Given information ▸
——————

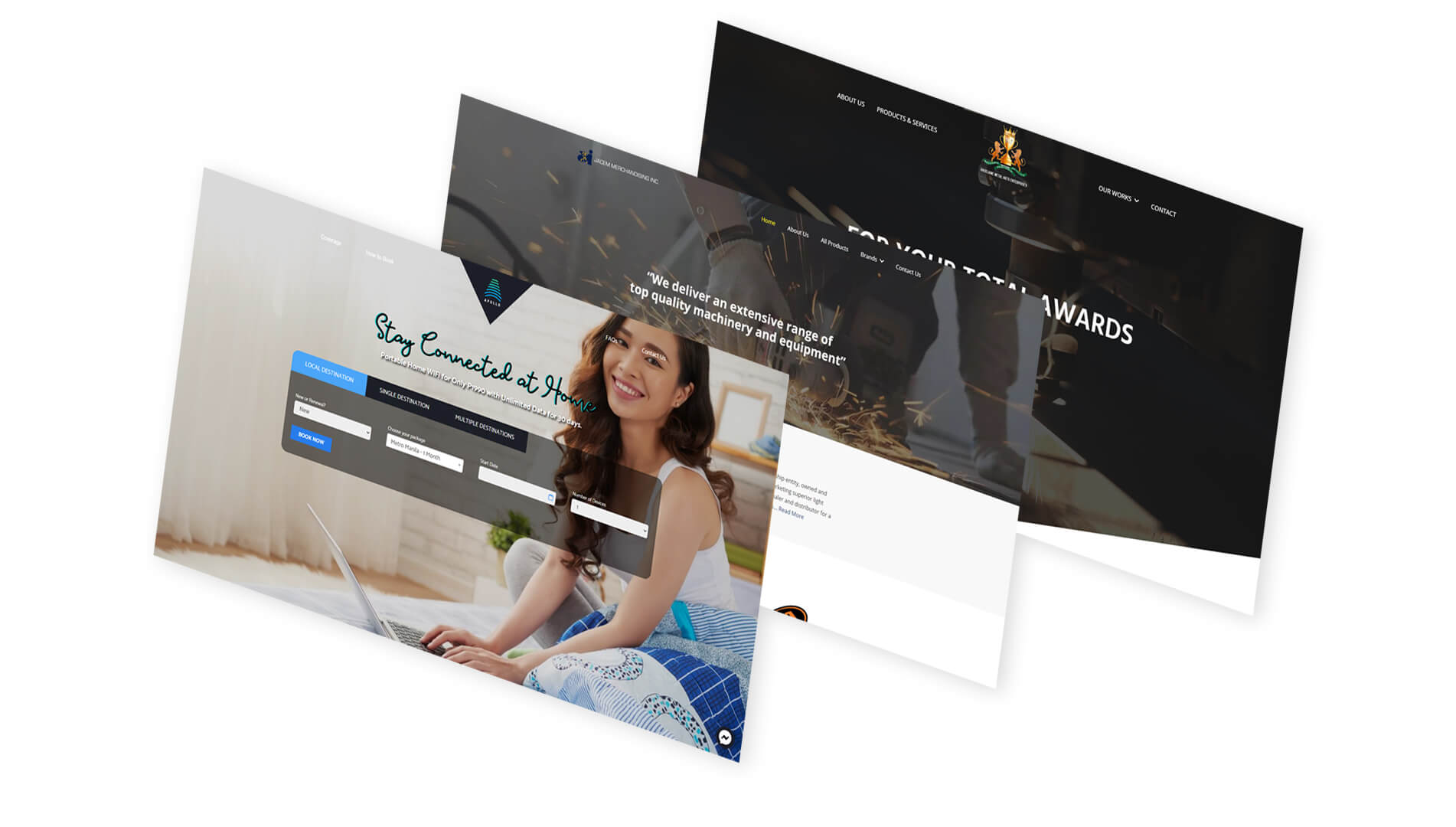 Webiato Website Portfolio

——————

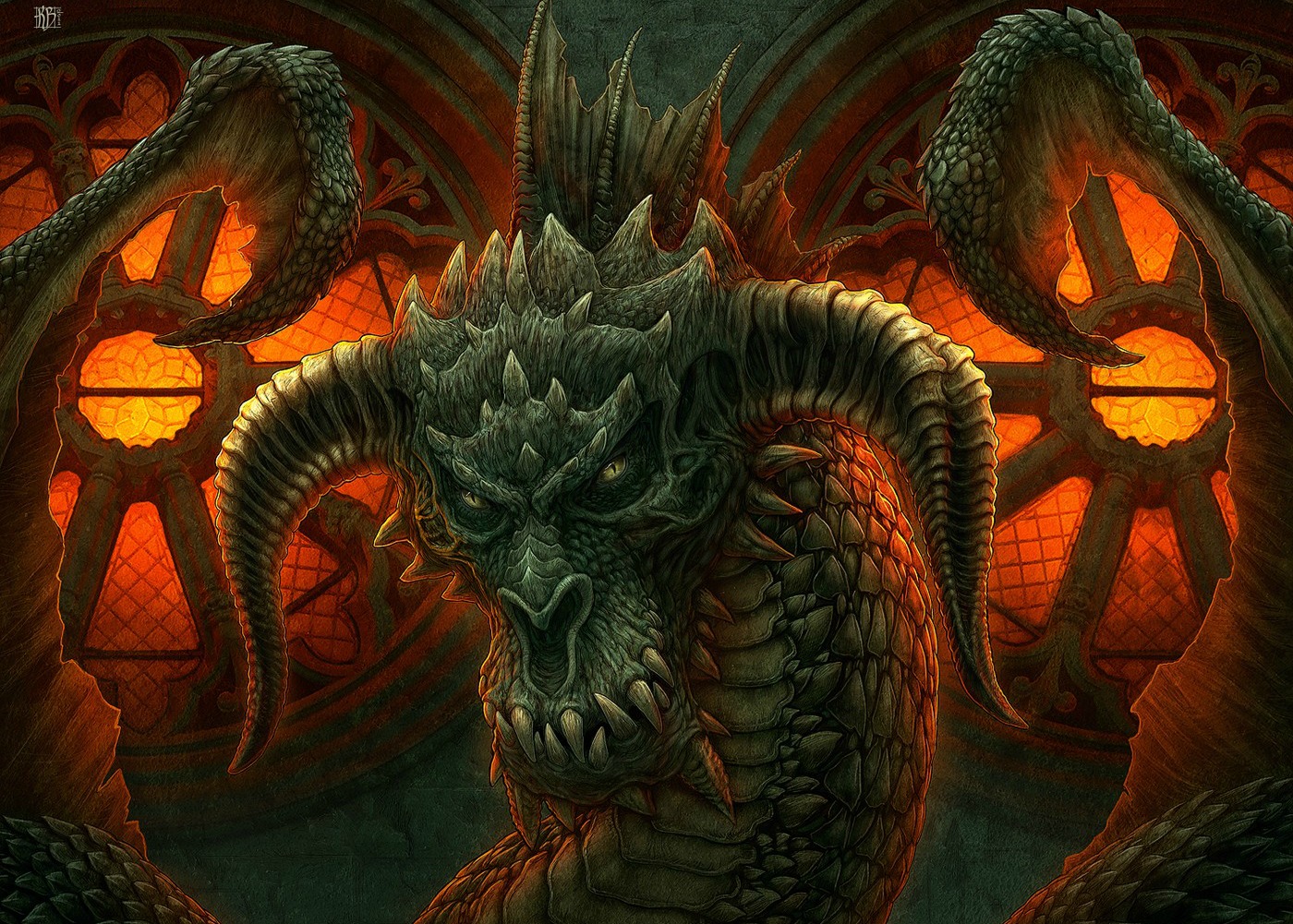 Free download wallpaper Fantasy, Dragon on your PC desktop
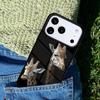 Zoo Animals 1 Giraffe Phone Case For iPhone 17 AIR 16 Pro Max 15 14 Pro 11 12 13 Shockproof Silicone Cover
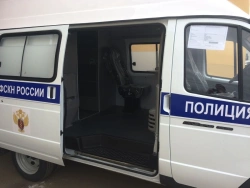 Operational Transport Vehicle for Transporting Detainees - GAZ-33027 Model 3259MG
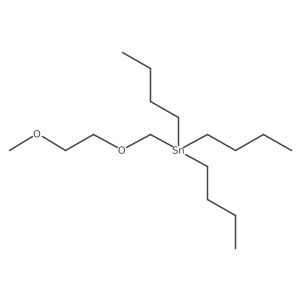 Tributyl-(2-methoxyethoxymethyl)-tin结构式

——————

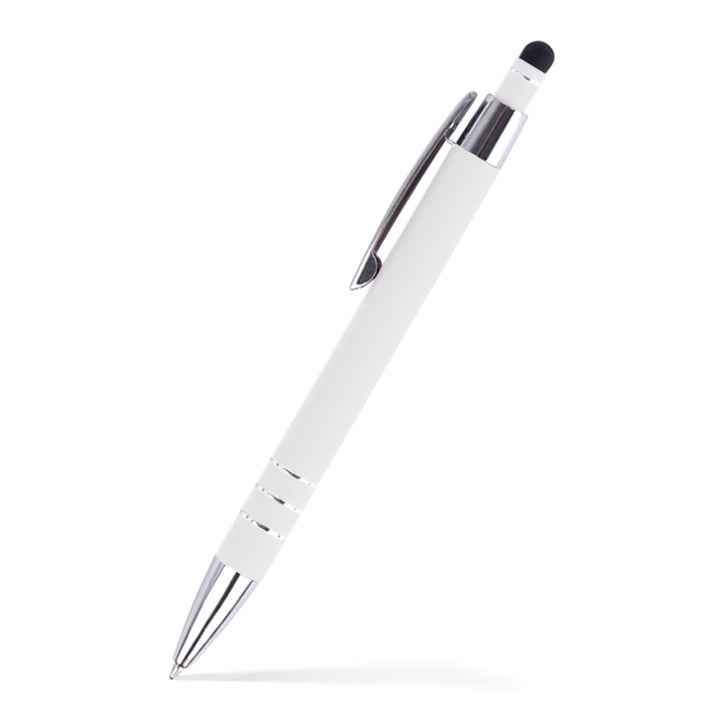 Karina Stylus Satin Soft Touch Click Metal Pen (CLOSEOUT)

——————

What you have to do ▸
Would you copy, word for word, only the lines above from the one containing "Operational Transport Vehicle" through the one containing "Tributyl-(2-methoxyethoxymethyl)-tin结构式", both included, and please leave out the pictures?

Exercise answer ▸
 Operational Transport Vehicle for Transporting Detainees - GAZ-33027 Model 3259MG
 Tributyl-(2-methoxyethoxymethyl)-tin结构式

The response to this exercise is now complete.